Dataset excerpts

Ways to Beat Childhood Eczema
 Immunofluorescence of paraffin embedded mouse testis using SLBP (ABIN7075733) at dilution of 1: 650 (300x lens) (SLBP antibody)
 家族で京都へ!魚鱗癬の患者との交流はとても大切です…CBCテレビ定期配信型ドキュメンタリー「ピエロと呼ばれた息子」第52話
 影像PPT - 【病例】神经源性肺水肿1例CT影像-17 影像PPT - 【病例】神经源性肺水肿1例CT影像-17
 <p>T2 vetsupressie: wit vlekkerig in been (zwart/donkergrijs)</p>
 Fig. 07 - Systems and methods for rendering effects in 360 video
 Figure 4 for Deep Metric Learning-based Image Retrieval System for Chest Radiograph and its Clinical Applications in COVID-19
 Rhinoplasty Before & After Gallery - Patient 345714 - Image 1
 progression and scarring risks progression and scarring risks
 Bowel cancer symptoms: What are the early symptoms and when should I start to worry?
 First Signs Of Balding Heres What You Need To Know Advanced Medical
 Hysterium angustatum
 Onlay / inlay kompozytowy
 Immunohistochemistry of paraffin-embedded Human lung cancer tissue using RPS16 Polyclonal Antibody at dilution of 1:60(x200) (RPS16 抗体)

• Work required:
Repeat the full set of records exactly.

• Written solution:
Ways to Beat Childhood Eczema
 Immunofluorescence of paraffin embedded mouse testis using SLBP (ABIN7075733) at dilution of 1: 650 (300x lens) (SLBP antibody)
 家族で京都へ!魚鱗癬の患者との交流はとても大切です…CBCテレビ定期配信型ドキュメンタリー「ピエロと呼ばれた息子」第52話
 影像PPT - 【病例】神经源性肺水肿1例CT影像-17 影像PPT - 【病例】神经源性肺水肿1例CT影像-17
 <p>T2 vetsupressie: wit vlekkerig in been (zwart/donkergrijs)</p>
 Fig. 07 - Systems and methods for rendering effects in 360 video
 Figure 4 for Deep Metric Learning-based Image Retrieval System for Chest Radiograph and its Clinical Applications in COVID-19
 Rhinoplasty Before & After Gallery - Patient 345714 - Image 1
 progression and scarring risks progression and scarring risks
 Bowel cancer symptoms: What are the early symptoms and when should I start to worry?
 First Signs Of Balding Heres What You Need To Know Advanced Medical
 Hysterium angustatum
 Onlay / inlay kompozytowy
 Immunohistochemistry of paraffin-embedded Human lung cancer tissue using RPS16 Polyclonal Antibody at dilution of 1:60(x200) (RPS16 抗体)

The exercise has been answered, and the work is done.